Hoeven: FEMA Flood Maps Must Reflect Benefits Fargo Flood Control Will Bring, Keep Rates Affordable
Senator Working Four-Part Approach to Red River Valley Flood Protection
FARGO, N.D. – Senator John Hoeven today hosted a roundtable in Fargo with Roy Wright, administrator for mitigation with the Federal Emergency Management Administration (FEMA). Hoeven organized the event to ensure that the agency’s programs are working for state and local governments, and above all, residents. The senator is pushing to ensure that FEMA’s flood maps adequately reflect how Fargo’s permanent flood control project will protect homes in the flood plain.
Specifically, Hoeven reviewed the impacts of FEMA’s new flood plain maps on insurance rates and the agency’s future plans for remapping. Hoeven said residents need assurances that FEMA will work with them, so that programs such as hazard mitigation assistance and flood insurance can be as cost-effective as possible. The senator chairs the Appropriations Committee for the Department of Homeland Security, which oversees a $40 billion budget, including the budget for FEMA.
“It is vital that we do all we can to protect our communities from flooding,” Hoeven said. “That can only happen if our federal programs and policies meet our people’s actual needs and are implemented in a way that is fair to North Dakota homeowners and businesses. We arranged today’s meeting so that FEMA officials can hear straight from our state and local leaders about the progress we have made in mitigating flood risks in the Red River Valley, our plans for future protection and the difficulties we face in the way the agency currently runs some federal programs.”
Hoeven is working toward a four-part, comprehensive flood protection plan for the Red River Valley (RRV), including:
- Regional flood protection including dikes, levees and other flood protection infrastructure. The federal government has contributed nearly $36 million toward such projects in the Fargo area since 2011, which includes over $16 million for home buyouts to prevent future losses, nearly $15 million for water and sewer system updates and nearly $5 million for new and updated infrastructure, such as bridge replacements and levees.
- Upstream flood protection. Hoeven worked as a member of the Senate Agriculture Committee and conferee on the 2014 farm bill conference committee to create programs and provide funding for rural water management and flood protection, including the Environmental Quality Incentives Program (EQIP), Conservation Stewardship Program (CSP) and the Agricultural Conservation Easements Program (ACEP). Last July, the U.S. Department of Agriculture (USDA) announced that the USDA’s Natural Resources Conservation Service (NRCS) will use these programs to provide $50 million in targeted assistance to the region to address upstream concerns.

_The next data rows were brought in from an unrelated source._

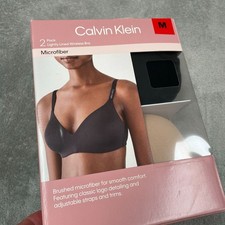 Calvin Klein 2-Pack Lightly Lined Wireless Bras Medium Microfiber NWT 6608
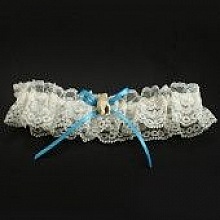 Jarretière ivoire dentelle coquillage thème mer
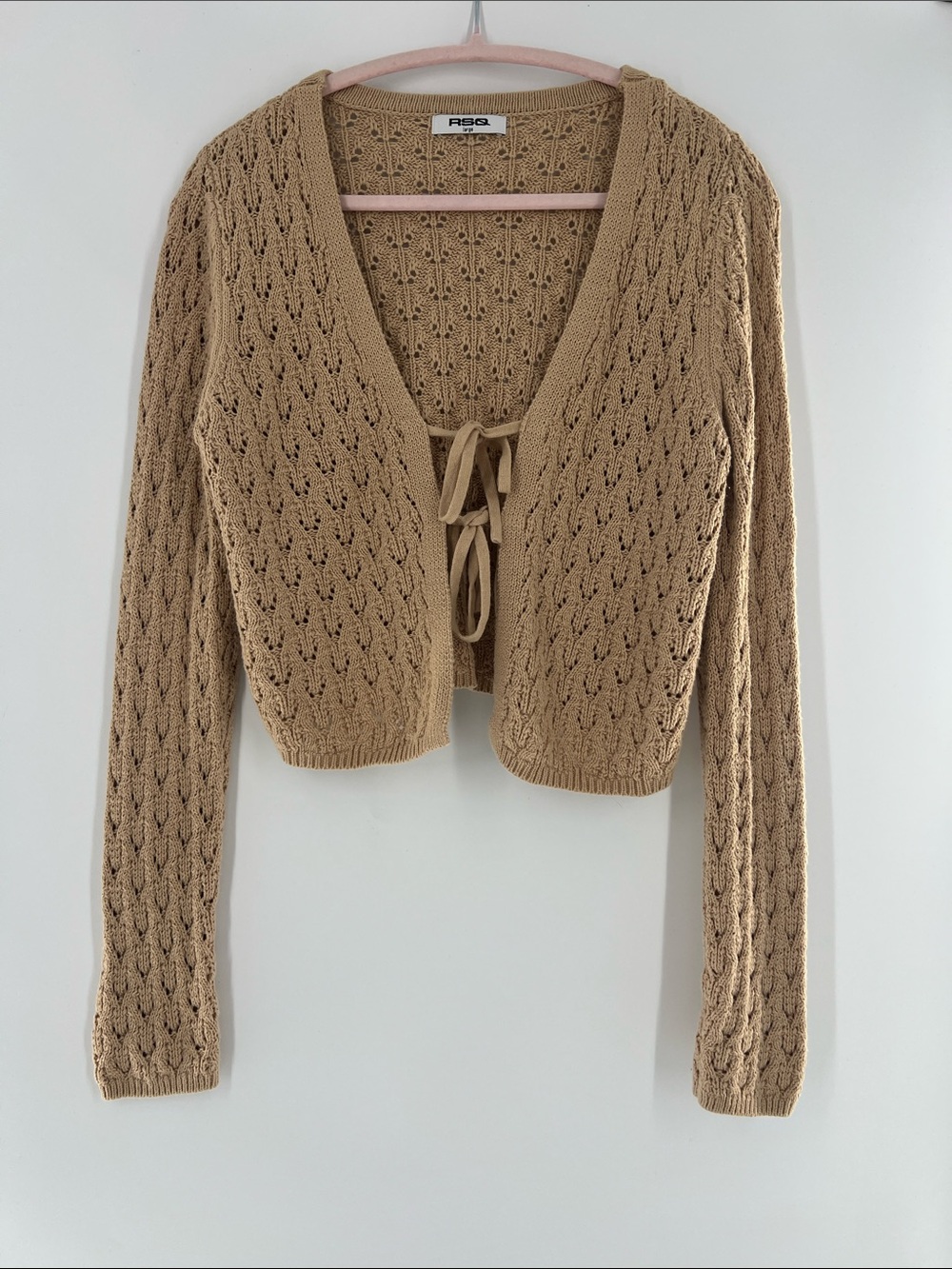 RSQ Cropped Openwork Tie-Front Cardigan Boho layer indie sleeze preppy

Hoeven also worked to include other conservation programs in the farm bill that support additional flood protection, like the Regional Conservation Partnership Program (RCPP). The USDA named the RRV as part of a critical conservation area under RCPP and, earlier this year, awarded the Red River Retention Authority $12 million from the program, which will help support upstream flood protection efforts in the region.
- Permanent flood protection for Fargo-Moorhead. Hoeven last year worked to secure authorization for permanent flood protection for Fargo-Moorhead in the Water Resources Reform and Development Act (WRRDA). Previously, the senator worked to secure $35 million for project engineering and design (PED) through the annual appropriations process. Further, the Fiscal Year (FY) 2015 funding bill includes language allowing the administration to start new construction projects, which helps make the Fargo-Moorhead flood protection project competitive for funding.
- Affordable flood insurance premiums for homes and businesses. Senator Hoeven worked to pass the Homeowner Flood Insurance Affordability Act, which prevents steep flood insurance rate increases, helping ensure that premiums are affordable for American families and businesses. The legislation also continues to allow homeowners to receive credit for flood proofed basements when determining flood insurance rates by allowing for basements to be measured at the lowest opening rather than the lowest floor.
Earlier this year, Senator Hoeven announced that FEMA Administrator Craig Fugate approved the City of Fargo’s application for the basement exception in the National Flood Insurance Program (NFIP). The delegation wrote a letter of support in December pressing Fugate to approve the request.